• **Task**
Nothing but the lines from the one containing "Free People Fly" through the last line of the records below should be copied, exactly and without pictures.

• **Input data**
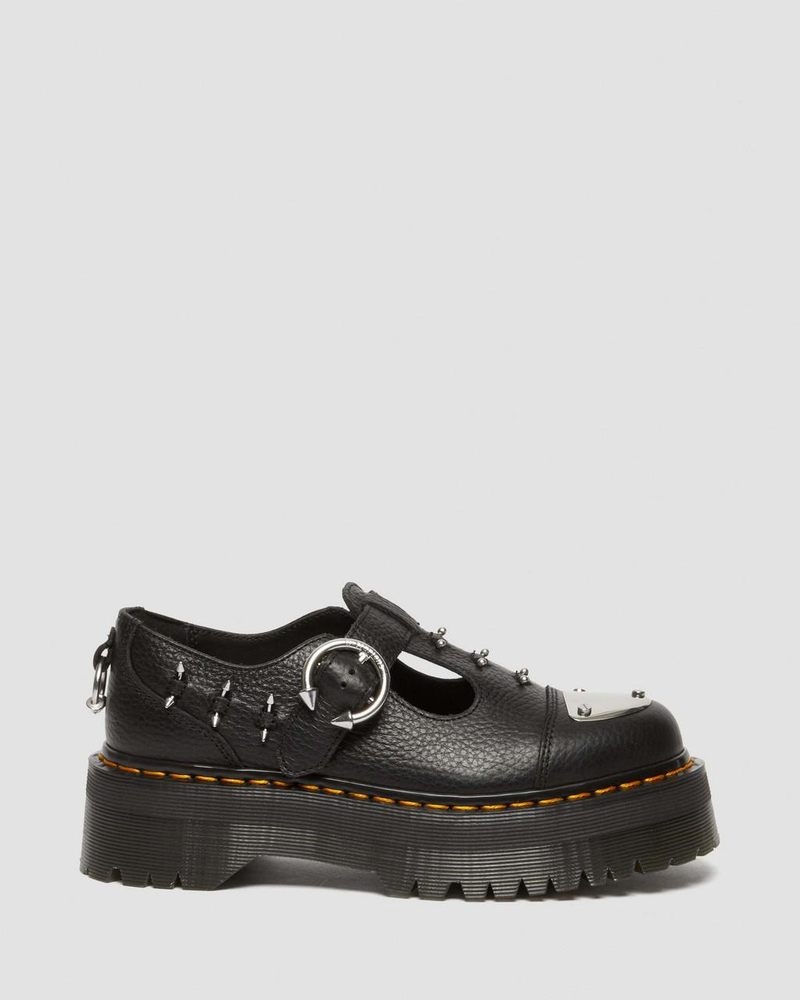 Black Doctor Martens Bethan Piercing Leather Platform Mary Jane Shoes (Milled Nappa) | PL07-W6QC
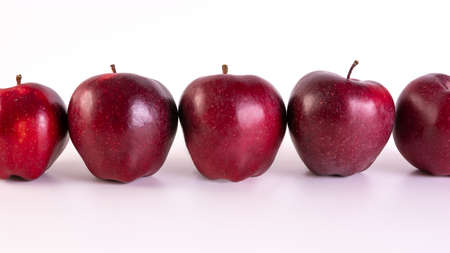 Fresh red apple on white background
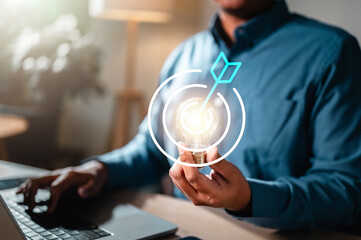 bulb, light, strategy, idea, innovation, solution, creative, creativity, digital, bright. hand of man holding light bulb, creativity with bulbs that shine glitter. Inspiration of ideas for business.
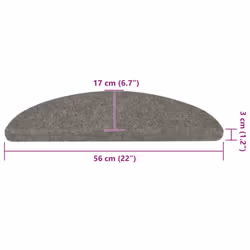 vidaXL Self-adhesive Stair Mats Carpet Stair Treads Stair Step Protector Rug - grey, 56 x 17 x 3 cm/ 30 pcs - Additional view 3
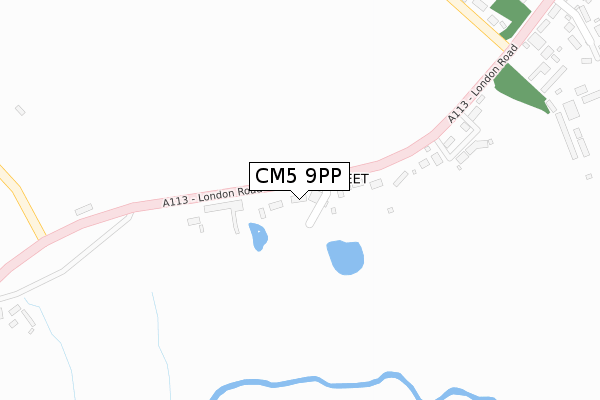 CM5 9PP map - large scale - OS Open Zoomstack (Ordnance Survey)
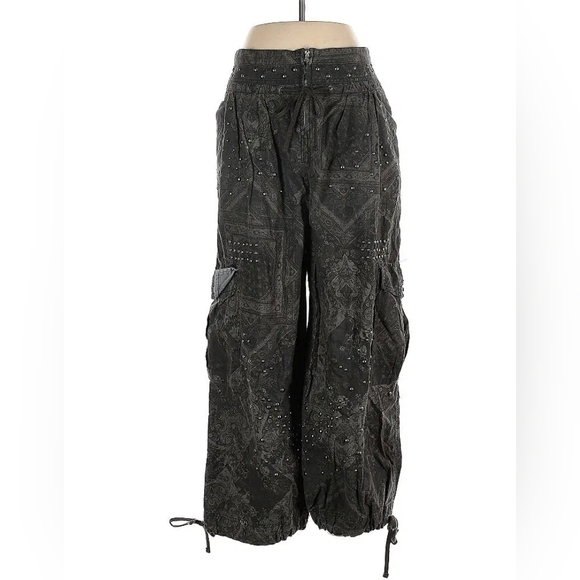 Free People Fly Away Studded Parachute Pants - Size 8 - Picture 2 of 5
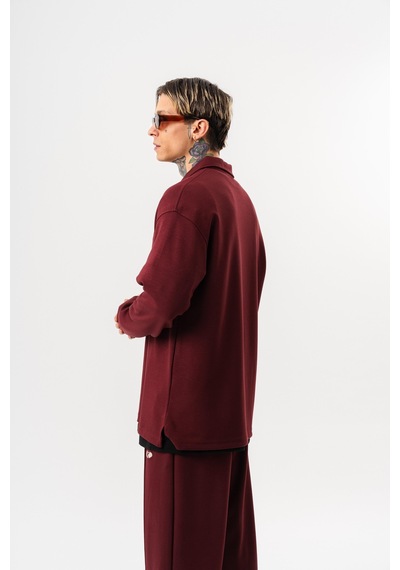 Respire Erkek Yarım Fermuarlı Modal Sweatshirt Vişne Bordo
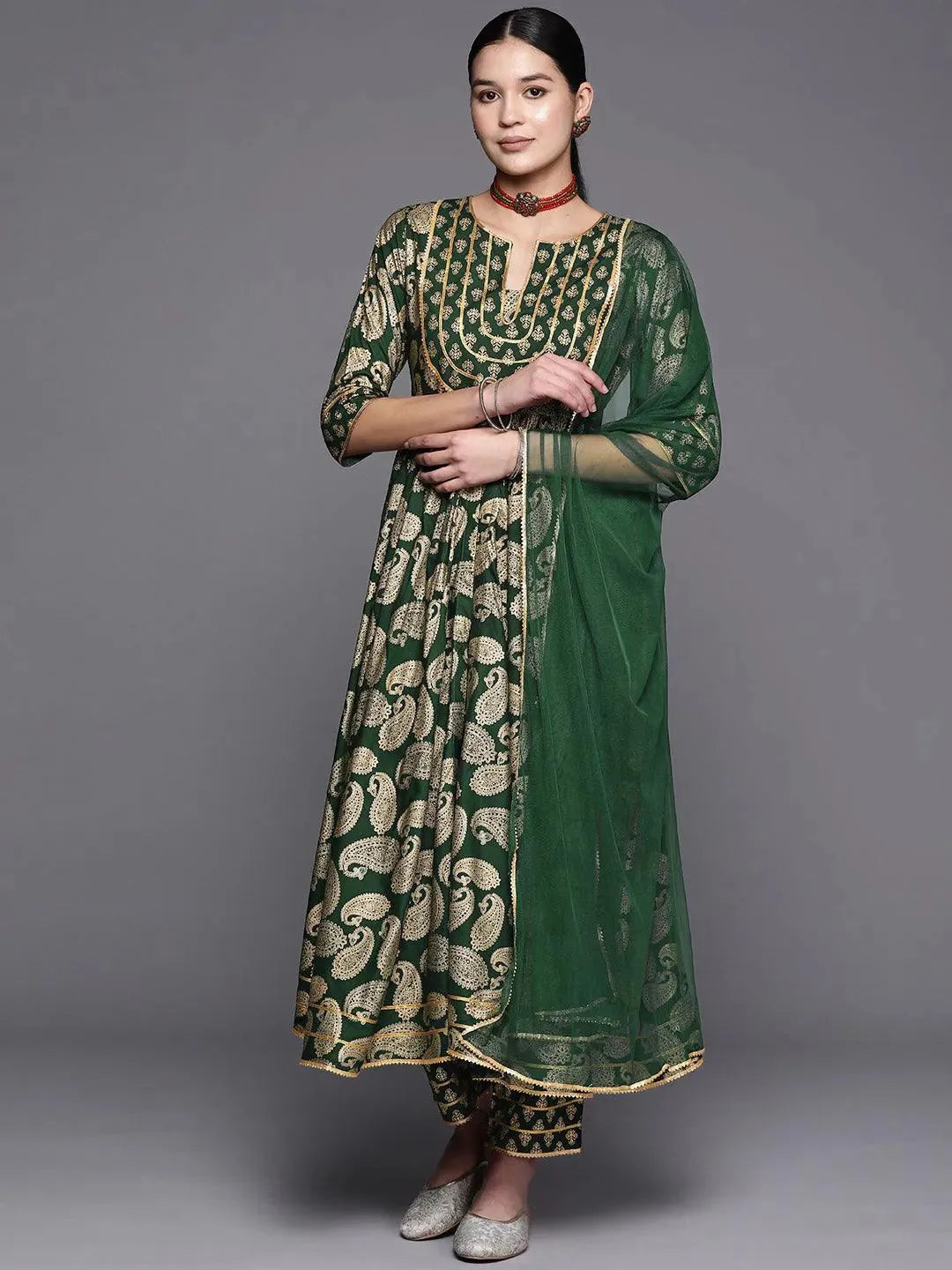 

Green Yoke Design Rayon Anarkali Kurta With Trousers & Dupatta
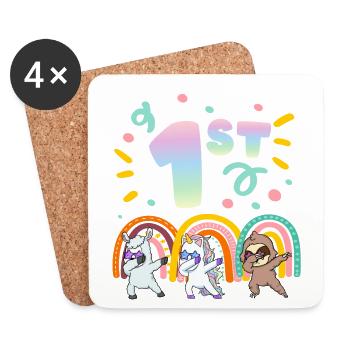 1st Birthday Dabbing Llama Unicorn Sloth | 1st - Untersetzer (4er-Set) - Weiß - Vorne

• **Exercise answer**
 Free People Fly Away Studded Parachute Pants - Size 8 - Picture 2 of 5
 Respire Erkek Yarım Fermuarlı Modal Sweatshirt Vişne Bordo

Green Yoke Design Rayon Anarkali Kurta With Trousers & Dupatta
 1st Birthday Dabbing Llama Unicorn Sloth | 1st - Untersetzer (4er-Set) - Weiß - Vorne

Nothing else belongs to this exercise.